Under some conditions, a message claiming that no incoming data exist may appear. This is due to the way data is acquired: the software ask for a given amount of data, in bytes, as for the parameter in the “global_configuration” file
AmountInRxQueue = 2^16;
When this number of bytes is not sent from the board before a few seconds, the “no data !!” message is displayed. Then, the acquisition waits for a few more seconds. If not enough data arrives, it just stops.
The reason for this to happen may be a high threshold, a low count rate or any other reason decreasing the data rate. To fix the issue in case of low data rate, you may modify this parameter by decreasing its value, but it must remain a multiple of 10 (so 65000, 60000 are accepted values)
AmountInRxQueue = 65540;
Note that this will have an effect in terms of data transfer rate, as big data packages are necessary to maximize the overall rate, so for high counting (data) rates, better use the default.
Finally, you may check the maximum data rate using the Tools
menu.
Fine time data shifts
Note that the value of the parameter
SelClkDiv4
will make shift the fine time values. This may be observed using the fine time histogram when acquiring data asynchronously.
License
This program is free software; you can redistribute it and/or modify it under the terms of the GNU General Public License as published by the Free Software Foundation, either version 3 of the License, or (at your option) any later version.

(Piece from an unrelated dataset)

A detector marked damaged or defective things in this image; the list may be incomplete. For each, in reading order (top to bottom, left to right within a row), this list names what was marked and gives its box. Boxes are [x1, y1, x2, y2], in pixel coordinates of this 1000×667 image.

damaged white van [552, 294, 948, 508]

This program is distributed in the hope that it will be useful, but WITHOUT ANY WARRANTY; without even the implied warranty of MERCHANTABILITY or FITNESS FOR A PARTICULAR PURPOSE. See the GNU General Public License for more details.
You should have received a copy of the GNU General Public License along with this program. If not, see http://www.gnu.org/licenses/gpl.html.
Footnotes:
To compute the frequency from this field use the formula
(60e6)/(hex2dec("N800")*1e3)
where “N” stands for the field close to the “force trigger” check box.